Categories: Commentary |

April 6, 2015

This week we start with a review of our proprietary DIVER Geo Scores, highlight the strongest and weakest States as well as provide you a link to get the scores themselves.   We provide an update to drought conditions in California and identify some states that face export challenges.

March Geo Scores

Last week, we released the most recent DIVER Geo Scores for States, counties and cities. The DIVER Geo Score represents a relative score of the economic health of a U.S. State, county or city. Based on a scale of 0-10, with 10 being the best, this data is updated monthly and is calculated from multiple economic and demographic factors related to three primary data categories—employment, income and housing.

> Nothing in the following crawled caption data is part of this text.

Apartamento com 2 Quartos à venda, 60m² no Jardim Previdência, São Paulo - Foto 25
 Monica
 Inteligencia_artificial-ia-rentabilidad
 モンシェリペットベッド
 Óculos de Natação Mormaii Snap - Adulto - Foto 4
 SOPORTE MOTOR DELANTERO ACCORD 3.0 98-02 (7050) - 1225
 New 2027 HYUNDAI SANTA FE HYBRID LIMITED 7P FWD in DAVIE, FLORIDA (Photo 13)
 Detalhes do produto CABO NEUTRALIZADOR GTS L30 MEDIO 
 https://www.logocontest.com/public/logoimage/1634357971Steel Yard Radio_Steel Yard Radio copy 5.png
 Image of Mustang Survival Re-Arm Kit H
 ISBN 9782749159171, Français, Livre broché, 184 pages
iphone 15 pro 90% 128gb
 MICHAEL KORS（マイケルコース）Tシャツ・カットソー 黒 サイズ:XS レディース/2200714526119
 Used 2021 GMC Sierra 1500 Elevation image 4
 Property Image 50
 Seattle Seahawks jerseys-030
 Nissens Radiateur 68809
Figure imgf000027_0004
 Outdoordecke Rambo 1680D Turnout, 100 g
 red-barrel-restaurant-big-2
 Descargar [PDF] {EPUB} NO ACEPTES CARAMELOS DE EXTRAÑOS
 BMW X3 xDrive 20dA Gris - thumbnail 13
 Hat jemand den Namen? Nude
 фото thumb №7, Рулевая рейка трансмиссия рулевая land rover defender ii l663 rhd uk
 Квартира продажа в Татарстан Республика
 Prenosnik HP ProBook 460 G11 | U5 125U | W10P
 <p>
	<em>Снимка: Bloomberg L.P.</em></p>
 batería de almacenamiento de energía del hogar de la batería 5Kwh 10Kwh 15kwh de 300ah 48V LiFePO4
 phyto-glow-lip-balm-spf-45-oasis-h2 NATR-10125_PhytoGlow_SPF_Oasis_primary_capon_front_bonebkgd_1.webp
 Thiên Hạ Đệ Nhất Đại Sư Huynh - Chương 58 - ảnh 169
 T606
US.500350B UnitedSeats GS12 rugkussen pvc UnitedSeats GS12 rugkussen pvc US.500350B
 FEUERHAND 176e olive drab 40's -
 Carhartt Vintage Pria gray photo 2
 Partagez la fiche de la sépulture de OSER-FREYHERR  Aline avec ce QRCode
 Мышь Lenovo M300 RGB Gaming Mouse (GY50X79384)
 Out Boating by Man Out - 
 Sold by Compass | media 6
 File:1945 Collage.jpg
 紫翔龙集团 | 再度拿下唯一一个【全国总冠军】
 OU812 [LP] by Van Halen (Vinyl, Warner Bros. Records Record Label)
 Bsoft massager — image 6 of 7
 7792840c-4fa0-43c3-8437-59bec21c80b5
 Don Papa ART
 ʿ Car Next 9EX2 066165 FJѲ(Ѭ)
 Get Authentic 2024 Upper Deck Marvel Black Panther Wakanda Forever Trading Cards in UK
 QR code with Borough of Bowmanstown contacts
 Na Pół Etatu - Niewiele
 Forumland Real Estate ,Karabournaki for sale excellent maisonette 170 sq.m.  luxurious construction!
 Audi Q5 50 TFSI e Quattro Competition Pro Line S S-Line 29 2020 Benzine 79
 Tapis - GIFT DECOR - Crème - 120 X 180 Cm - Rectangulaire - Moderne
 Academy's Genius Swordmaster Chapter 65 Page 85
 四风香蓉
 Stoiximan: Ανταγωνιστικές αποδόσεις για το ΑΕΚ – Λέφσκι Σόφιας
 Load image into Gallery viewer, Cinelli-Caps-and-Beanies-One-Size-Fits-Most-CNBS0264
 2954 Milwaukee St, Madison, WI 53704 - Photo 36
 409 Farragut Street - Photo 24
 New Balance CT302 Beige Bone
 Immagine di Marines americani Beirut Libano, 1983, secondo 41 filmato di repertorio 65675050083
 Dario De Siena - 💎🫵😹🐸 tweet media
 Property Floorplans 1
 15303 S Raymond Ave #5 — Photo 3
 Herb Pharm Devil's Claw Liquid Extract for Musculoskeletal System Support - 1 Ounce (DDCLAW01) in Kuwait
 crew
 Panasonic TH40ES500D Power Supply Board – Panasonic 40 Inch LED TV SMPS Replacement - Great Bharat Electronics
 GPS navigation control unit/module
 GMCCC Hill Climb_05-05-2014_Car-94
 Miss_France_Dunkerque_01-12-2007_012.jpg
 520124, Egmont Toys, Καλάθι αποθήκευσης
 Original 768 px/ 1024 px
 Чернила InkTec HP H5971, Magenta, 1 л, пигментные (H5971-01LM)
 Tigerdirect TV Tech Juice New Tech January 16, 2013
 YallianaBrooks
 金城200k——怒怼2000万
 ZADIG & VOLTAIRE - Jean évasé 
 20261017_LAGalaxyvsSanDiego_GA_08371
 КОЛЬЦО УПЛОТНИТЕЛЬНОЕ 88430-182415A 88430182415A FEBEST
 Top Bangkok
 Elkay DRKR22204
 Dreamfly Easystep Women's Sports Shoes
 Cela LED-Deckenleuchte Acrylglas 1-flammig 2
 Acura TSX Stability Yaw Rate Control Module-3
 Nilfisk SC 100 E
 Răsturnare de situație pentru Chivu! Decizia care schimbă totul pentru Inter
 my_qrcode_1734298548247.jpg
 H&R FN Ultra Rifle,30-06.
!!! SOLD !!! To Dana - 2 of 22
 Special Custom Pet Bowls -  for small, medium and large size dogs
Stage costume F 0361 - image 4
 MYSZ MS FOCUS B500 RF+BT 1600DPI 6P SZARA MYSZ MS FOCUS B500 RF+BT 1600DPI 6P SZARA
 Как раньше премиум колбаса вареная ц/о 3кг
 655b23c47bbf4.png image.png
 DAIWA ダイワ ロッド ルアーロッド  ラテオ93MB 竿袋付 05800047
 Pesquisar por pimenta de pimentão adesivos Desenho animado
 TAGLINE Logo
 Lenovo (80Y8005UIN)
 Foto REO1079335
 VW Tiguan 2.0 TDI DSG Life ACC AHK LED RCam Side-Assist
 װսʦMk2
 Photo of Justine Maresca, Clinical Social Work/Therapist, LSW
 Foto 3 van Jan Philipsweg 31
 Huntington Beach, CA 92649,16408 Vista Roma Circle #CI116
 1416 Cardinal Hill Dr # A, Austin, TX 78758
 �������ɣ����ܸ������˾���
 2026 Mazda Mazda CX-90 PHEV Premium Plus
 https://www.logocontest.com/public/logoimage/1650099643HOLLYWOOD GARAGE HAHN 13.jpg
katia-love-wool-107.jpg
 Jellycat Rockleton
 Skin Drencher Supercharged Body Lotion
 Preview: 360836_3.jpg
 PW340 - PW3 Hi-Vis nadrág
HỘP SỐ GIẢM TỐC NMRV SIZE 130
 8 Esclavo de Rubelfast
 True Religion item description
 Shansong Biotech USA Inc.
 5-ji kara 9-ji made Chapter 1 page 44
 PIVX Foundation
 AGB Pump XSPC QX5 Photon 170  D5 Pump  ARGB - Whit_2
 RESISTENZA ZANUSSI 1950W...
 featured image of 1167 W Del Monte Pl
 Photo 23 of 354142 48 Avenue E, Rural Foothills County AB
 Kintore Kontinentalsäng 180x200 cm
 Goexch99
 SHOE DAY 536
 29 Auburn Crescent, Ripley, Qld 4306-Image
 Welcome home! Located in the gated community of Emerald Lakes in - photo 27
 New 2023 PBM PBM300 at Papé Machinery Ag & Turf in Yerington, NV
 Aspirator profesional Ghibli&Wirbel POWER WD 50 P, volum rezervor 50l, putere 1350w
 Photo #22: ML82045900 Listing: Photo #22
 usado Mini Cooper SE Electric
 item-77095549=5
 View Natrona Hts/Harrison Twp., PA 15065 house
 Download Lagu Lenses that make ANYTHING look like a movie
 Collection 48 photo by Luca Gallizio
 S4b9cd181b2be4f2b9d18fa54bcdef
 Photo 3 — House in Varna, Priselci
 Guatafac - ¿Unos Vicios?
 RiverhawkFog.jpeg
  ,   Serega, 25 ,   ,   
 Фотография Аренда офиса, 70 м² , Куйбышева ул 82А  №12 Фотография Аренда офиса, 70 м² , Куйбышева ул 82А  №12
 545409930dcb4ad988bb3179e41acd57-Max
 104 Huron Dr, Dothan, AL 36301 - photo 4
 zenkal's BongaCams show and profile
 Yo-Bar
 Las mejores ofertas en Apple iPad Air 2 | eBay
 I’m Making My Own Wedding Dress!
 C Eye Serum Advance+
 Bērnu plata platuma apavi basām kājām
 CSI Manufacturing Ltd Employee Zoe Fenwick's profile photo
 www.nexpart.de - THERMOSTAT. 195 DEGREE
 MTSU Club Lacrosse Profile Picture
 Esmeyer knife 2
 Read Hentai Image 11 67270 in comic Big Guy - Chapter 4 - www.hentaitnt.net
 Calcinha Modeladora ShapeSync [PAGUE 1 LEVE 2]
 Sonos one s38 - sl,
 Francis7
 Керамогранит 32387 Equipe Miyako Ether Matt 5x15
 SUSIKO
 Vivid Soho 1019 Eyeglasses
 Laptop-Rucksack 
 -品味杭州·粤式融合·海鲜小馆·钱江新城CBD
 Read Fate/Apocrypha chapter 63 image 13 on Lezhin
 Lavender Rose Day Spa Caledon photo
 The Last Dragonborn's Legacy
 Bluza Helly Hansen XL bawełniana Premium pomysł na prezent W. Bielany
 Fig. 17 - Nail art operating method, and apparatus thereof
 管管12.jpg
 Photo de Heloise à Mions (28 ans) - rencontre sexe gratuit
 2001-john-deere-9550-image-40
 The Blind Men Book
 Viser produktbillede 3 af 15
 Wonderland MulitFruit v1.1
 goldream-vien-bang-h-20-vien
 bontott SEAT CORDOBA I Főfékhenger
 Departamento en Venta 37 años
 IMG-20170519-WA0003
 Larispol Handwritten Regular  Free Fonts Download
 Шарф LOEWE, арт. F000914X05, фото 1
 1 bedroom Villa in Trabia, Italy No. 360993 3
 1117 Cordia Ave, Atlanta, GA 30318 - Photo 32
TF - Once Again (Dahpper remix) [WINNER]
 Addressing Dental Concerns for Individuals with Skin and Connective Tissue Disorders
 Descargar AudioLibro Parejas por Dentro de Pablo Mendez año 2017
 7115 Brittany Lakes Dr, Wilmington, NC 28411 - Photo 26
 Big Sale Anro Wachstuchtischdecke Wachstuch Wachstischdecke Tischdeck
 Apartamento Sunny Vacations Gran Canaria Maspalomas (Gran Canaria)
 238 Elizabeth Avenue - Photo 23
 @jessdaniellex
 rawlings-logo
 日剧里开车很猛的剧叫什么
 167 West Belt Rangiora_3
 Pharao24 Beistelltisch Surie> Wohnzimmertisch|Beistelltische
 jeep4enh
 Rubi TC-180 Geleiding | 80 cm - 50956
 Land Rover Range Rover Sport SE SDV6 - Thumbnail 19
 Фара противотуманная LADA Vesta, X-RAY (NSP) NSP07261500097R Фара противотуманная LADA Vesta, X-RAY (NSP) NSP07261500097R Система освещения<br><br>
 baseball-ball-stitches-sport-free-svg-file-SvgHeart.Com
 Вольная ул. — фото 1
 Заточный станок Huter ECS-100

The DIVER Geo Scores are available here.


Other than some shifts in ranking, the list of ten strongest States was unchanged from last month.  At the lower end of the spectrum, Arizona and Tennessee climbed out of the ten weakest.  They were replaced by Indiana and Arkansas.  While still in the bottom ten, Florida’s economy has shown steady improvement.

A look at the Geo Scores of Florida’s counties shows that the improvement in Florida’s economy has been most pronounced in southeastern counties of Miami-Dade, Broward, Palm Beach and Martin. At the city level, Miami, Port St. Lucie and Tallahassee have all shown strong improvement.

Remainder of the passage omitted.